I will need to boot back into rescue mode, mount the server partition, and try to repair the boot partition once again - though this will have to be done tomorrow morning as it’s getting late now.

My question to the community would be - what is happening?

I am running on an OVH dedicated server, running 2 x 2TB HDD’s, in RAID1.

When I checked my /boot/ folder last time, it appeared some files were missing, when I compared them to my other CyberPanel install. Is the sudden reboot of the server causing the boot partition to corrupt? Or perhaps do I have a bigger problem at hand - failing disks?

I know this might not be the place to ask this, but I did see someone else had a similar issue on this form with their Ubuntu setup, where their boot partition vanished/corrupt. So I am hoping someone can help point me in the right direction with regards to what I need to look out for.

Other than the boot partition (/boot/) failing, I haven’t had any other issues with CyberPanel, things have been running smooth.

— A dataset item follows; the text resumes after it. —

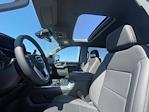 New 2025 GMC Sierra 2500 SLT Crew Cab 4WD Pickup for sale #5GT8356 - photo 25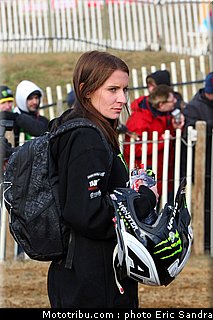 mx_005_cross_international_valence_2012.jpg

I am a bit worried about loosing my data.

Please share of you get this resolved.

Unfortunately, I’ve got no idea what caused the /boot/ partition to become corrupt/loose files, I am uncertain as to the root cause of the issue.

However, after A LOT of trial and error, and after jumping in and out of recovery mode on my server MULTIPLE times (took 10+ hours), I finally narrowed it down to a faulty Kernel.

I was able to boot into Ubuntu via 5.15.0-71-generic Kernel, but it would NOT boot into 73-generic kernel.

After force re-installing kernel 73-generic in rescue/recovery mode (required mounting the partitions, and chroot’ing into it), I was able to resolve the issue.

However, that’s not to say the issue won’t re-occur again in the future, if there is something causing this.

Thank you for sharing how you resolve this.
Looping in @shoaibkk and @usmannasir .

1 Like

I may add that there were additional steps I took, such as checking drive health, server health (RAM, CPU), etc - to ensure there was no hardware related issue causing the /boot/ partition to corrupt/fail (for the second time), but there is no indication on the server-side.

It is running software RAID1, however, RAID checks up fine with no issues after a long scan.

1 Like